• [TASK REQUIREMENTS]: Would you transcribe the entries below, beginning at the line with "国家发改委两天三次出手稳猪价，猪价还会继续上涨吗？" and ending after the line with "का दिल स्कूल", exactly, with no picture and nothing more?

• [RECORDED DATA]:
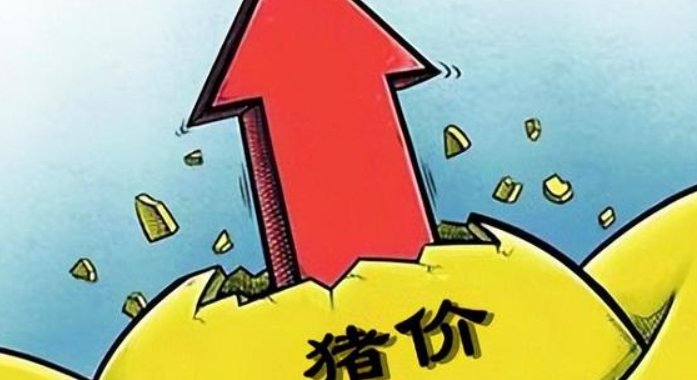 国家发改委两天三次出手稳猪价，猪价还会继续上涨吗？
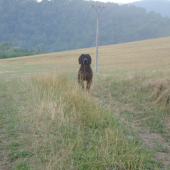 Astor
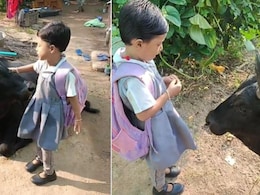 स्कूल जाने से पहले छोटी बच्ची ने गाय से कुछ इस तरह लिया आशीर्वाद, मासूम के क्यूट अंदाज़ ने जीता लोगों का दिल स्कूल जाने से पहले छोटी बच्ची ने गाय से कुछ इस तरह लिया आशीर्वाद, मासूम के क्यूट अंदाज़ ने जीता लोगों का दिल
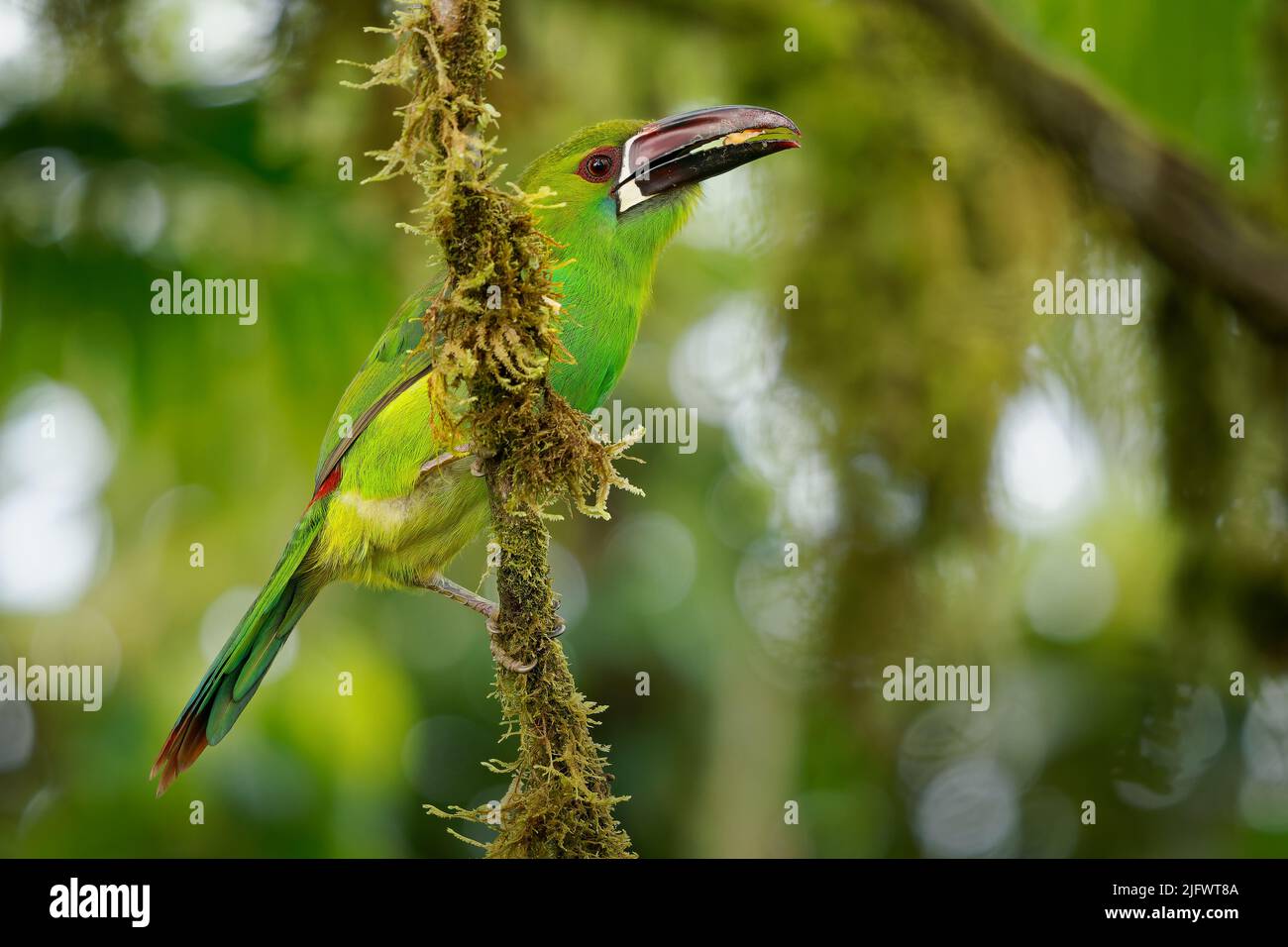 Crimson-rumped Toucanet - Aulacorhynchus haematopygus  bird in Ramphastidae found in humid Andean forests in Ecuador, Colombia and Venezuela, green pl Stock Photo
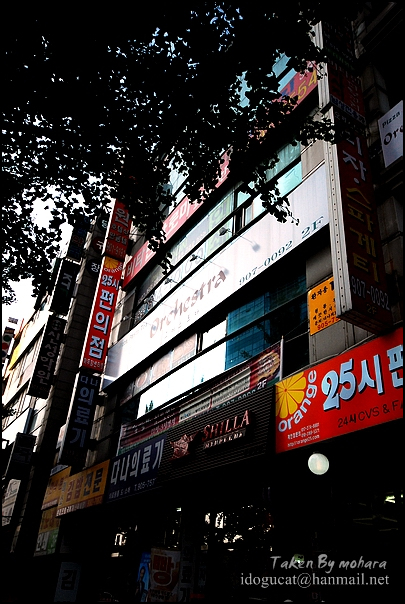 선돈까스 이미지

--

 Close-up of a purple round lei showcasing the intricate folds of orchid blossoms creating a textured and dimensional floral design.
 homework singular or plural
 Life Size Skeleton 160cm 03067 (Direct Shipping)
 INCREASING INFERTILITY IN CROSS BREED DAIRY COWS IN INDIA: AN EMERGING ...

==

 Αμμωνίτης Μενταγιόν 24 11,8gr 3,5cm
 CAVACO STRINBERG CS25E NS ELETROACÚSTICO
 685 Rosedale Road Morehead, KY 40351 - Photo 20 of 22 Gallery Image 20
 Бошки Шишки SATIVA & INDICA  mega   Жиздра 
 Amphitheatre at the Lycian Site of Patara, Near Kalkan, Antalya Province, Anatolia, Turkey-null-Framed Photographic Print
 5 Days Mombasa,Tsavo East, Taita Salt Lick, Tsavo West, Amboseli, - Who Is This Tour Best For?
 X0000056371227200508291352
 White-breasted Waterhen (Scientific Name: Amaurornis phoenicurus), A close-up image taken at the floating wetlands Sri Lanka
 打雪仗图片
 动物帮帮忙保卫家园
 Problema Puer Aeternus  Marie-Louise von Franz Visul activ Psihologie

• [RESPONSE TO THE EXERCISE]:
 国家发改委两天三次出手稳猪价，猪价还会继续上涨吗？
 Astor
 स्कूल जाने से पहले छोटी बच्ची ने गाय से कुछ इस तरह लिया आशीर्वाद, मासूम के क्यूट अंदाज़ ने जीता लोगों का दिल स्कूल जाने से पहले छोटी बच्ची ने गाय से कुछ इस तरह लिया आशीर्वाद, मासूम के क्यूट अंदाज़ ने जीता लोगों का दिल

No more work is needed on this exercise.